The sad but true story regarding the Aerial Locomotive or Porter’s Locomotive is that it never, as a fact, got off the ground even though it was reported that about 200 people did sign up for the first flight. Author Jackson points out that there was never any record that the aircraft was ever actually built. Apparently, a journal at the time, called ” Sherwood’s Pocket Guide to California” , advised anyone of not opting for the air route. It’s also thought that perhaps a real scientist stepped forward and pointed out some of the glaring flaws to Porter’s design. Two problems with the Porter design had to do with air resistance itself which Rufus may not have figured into his equations. Wind direction was another matter altogether. The other problem had to do with pounds of weight per horse-power. In other words, it seems that most if not all of the early enthusiasts had a change of heart and opted for either the cross country route or the sea route of the steamers and sailing ships. To be certain, airships had been experimented with very early on in Europe as well as other places but the grand idea of Rufus Porter was decades ahead of itself. The type of air travel envisioned by Porter would actually occur almost a century later during the era of the mighty German airships such as the Hindenberg dirigible.

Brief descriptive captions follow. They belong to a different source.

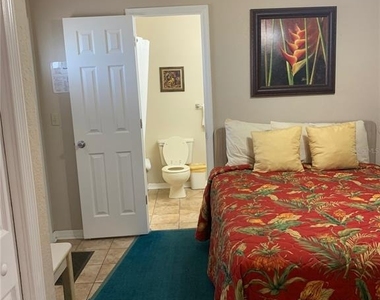 2777 N Poinciana Boulevard - Photo Thumbnail 3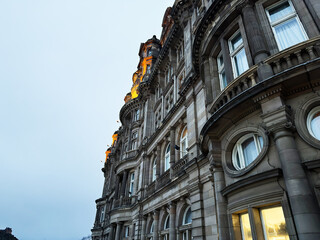 Naklejka premium Historic stone building facade in Edinburgh, Scotland, UK at dusk with ornate Victorian architecture and illuminated windows
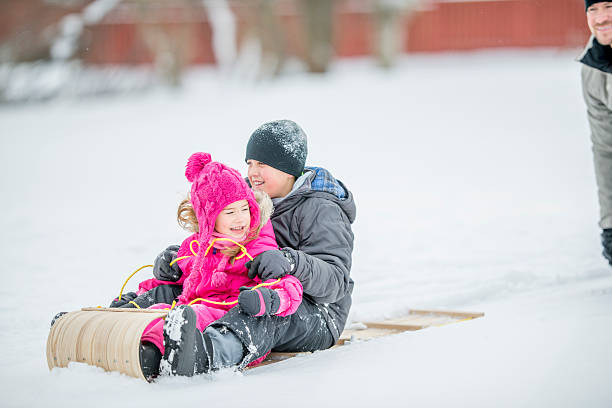istock Brother and Sister Playing in the Snow 491988162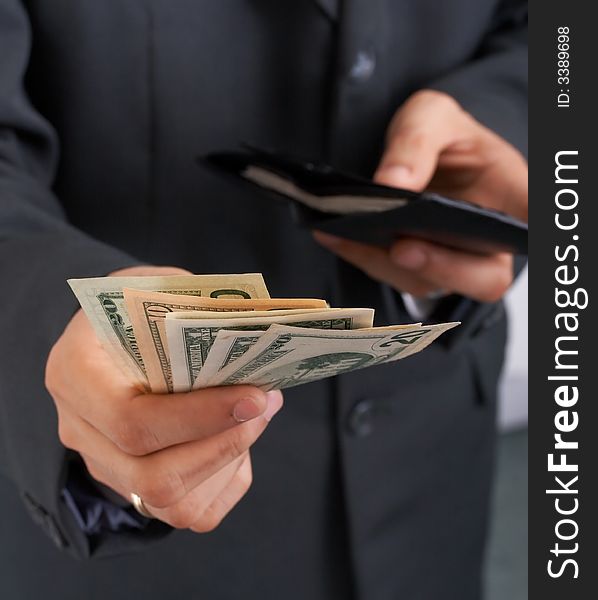 A businessman holding a wallet with dollar bills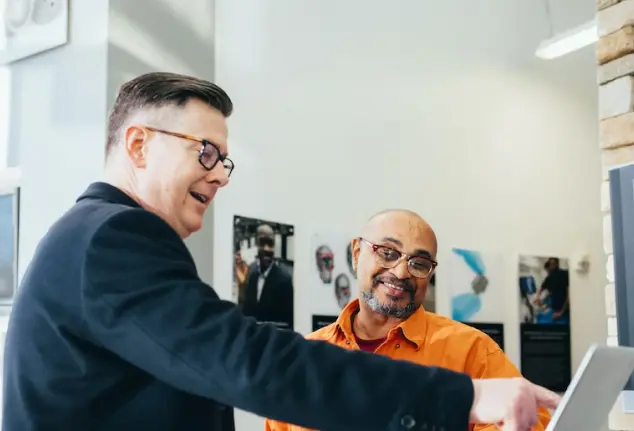 2 men reviewing laptop screen in office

The Scientific American that was founded in 1845 by Rufus Porter still publishes to this very day. The first foreign publication went to the presses in 1890. Such world famous scientists as Albert Einstein contributed articles and the magazine is noted as being the oldest continuously published monthly magazine in America.
Rufus Porter passed away in 1884 and even though he actually sold his new magazine not long after it was founded remained an editor at the Scientific American until his death. In addition to his scientific experiments and his revolutionary airship idea, Porter was a well known New England artist. He was a very talented muralist and his works decorated over 150 inns and houses in New England. Some of his works were in monochrome and others in full color.
The Rufus Porter Museum and Cultural Heritage Center showcases the contributions of Rufus Porter to American arts, literature, science, and industry. The museum building itself is quite historic, built in 1789 and is located at 67 N. High Street, Bridgton, Maine.